Sabah börekçide bir şeyler yiyorum. Ön masadaki yaşlıca adam mekan sahipleriyle muhabbet ediyor. Konu futbol elbette. Kulak tırmalayan şivelerinden elemanların Karadenizli oldukları anlaşılıyor. Eh, gündemi takip etmesem bile bunların futbol federasyonundan şikayetçi olmalarının normal olduğunu biliyorum.
Adalet yok, adalet diyor ihtiyar adam.
Bense, onları duymamanın mümkün olmadığı ama görmemenin mümkün olduğu bir fiziksel gerçeklikte çaresizce önümdeki gazetenin sayfalarını çeviriyorum. Önümde bir haber: Tek dileği bisiklete binmek olan 3 yaşında bir çocuk, bu dileğini yerine getiremeden kanserden ölmüş. Sonra, hayırseverler bir fon kurmuşlar…
Karadenizli yaşlı adam durmaksızın adaletten söz ediyor. “Hükümetimiz bir şeyler yapacak, göreceksiniz” diyor.
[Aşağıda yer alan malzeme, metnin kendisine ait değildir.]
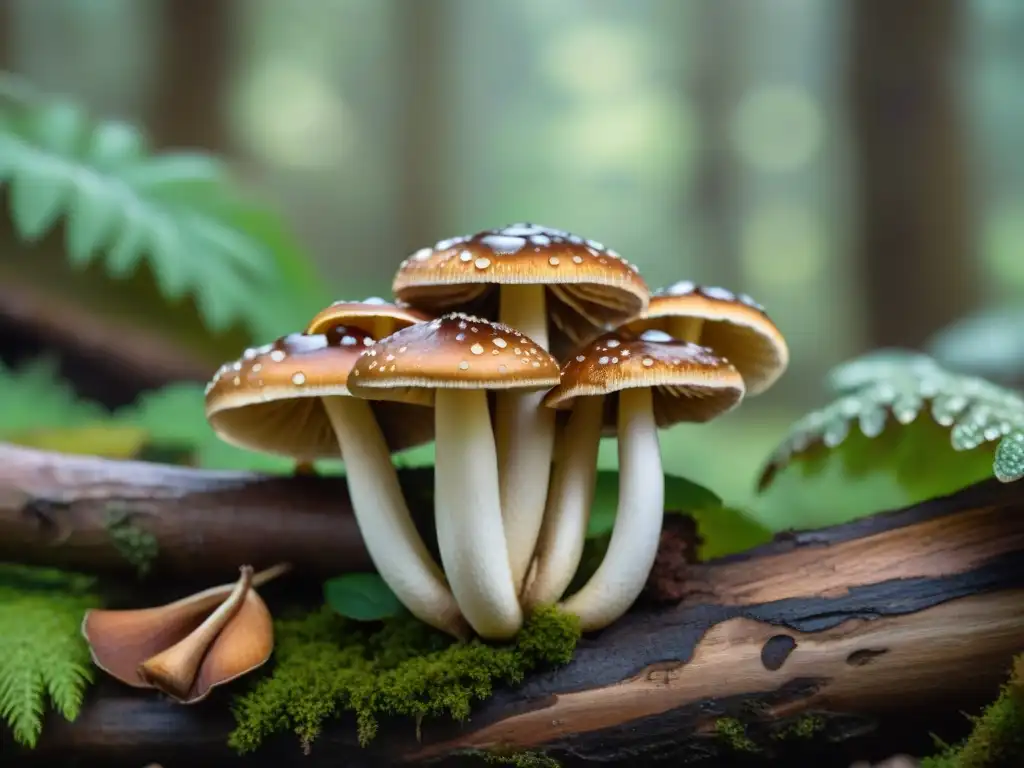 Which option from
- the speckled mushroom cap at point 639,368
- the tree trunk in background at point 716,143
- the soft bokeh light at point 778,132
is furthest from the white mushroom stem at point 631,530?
the soft bokeh light at point 778,132

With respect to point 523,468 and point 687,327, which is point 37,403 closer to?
point 523,468

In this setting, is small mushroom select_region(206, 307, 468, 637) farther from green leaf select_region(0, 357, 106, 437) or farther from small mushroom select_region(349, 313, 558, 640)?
green leaf select_region(0, 357, 106, 437)

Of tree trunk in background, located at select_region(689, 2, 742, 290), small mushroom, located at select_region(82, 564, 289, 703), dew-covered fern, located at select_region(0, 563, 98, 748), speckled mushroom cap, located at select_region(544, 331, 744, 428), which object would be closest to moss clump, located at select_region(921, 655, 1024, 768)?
speckled mushroom cap, located at select_region(544, 331, 744, 428)

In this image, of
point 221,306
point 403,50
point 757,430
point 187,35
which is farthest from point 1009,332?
point 403,50

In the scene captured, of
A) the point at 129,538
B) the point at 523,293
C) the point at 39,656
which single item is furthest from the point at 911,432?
the point at 39,656

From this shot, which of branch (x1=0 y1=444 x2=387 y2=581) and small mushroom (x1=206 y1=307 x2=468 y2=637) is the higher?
small mushroom (x1=206 y1=307 x2=468 y2=637)

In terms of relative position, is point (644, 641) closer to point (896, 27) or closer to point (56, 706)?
point (56, 706)

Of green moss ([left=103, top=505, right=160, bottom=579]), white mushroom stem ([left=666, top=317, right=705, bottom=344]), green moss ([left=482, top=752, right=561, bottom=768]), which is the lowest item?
green moss ([left=482, top=752, right=561, bottom=768]) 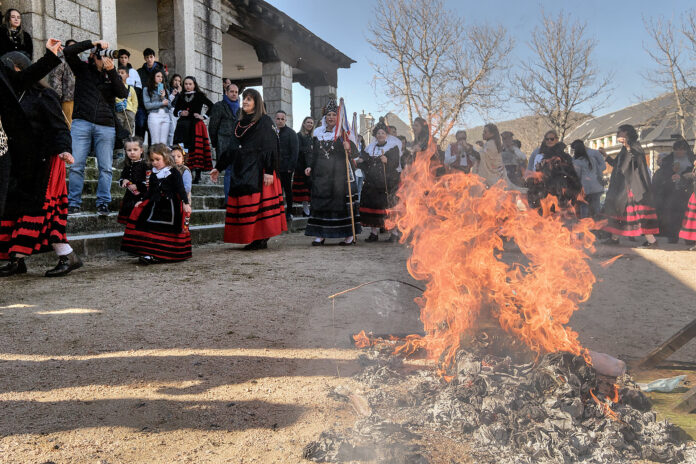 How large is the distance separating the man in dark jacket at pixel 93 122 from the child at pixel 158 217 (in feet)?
4.04

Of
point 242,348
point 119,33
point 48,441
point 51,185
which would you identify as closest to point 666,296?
point 242,348

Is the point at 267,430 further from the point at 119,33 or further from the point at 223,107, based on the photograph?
the point at 119,33

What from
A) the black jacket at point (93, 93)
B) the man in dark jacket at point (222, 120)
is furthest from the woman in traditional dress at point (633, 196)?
the black jacket at point (93, 93)

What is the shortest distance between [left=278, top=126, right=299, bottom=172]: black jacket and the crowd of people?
0.03 m

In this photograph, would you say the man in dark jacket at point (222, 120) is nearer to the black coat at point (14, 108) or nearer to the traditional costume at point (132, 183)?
the traditional costume at point (132, 183)

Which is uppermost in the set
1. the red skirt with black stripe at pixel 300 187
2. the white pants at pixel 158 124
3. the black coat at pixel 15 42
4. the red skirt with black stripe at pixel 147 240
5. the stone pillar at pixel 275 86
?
the stone pillar at pixel 275 86

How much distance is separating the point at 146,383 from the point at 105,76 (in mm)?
6218

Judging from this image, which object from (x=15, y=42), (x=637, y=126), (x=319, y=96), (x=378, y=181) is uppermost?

Angajman kurallarını işletmeyi düşünüyorum.
Kalkıp, elimdeki gazeteyi bu ihtiyar budalaya yedirmeyi… Engel olmaya çalışan bir iki kişiyi de yumruklamayı…
Anahtar kelimelerden, “hükumet hayranı” olduklarını anladığım grup iktidardan, taraftarı oldukları beceriksiz futbol takımı için “adalet” yani Türkçe, “ayrıcalık” bekliyor.
Onların derdi bu.. Çevrelerinde görebildikleri “adaletsizlik” bu!
Bu memlekette bir şeyler değişsin diye sokağa çıkmış insanlara bu yüzden acıyorum işte. Çıkacak olanlara da bu yüzden yapmayın diyorum işte.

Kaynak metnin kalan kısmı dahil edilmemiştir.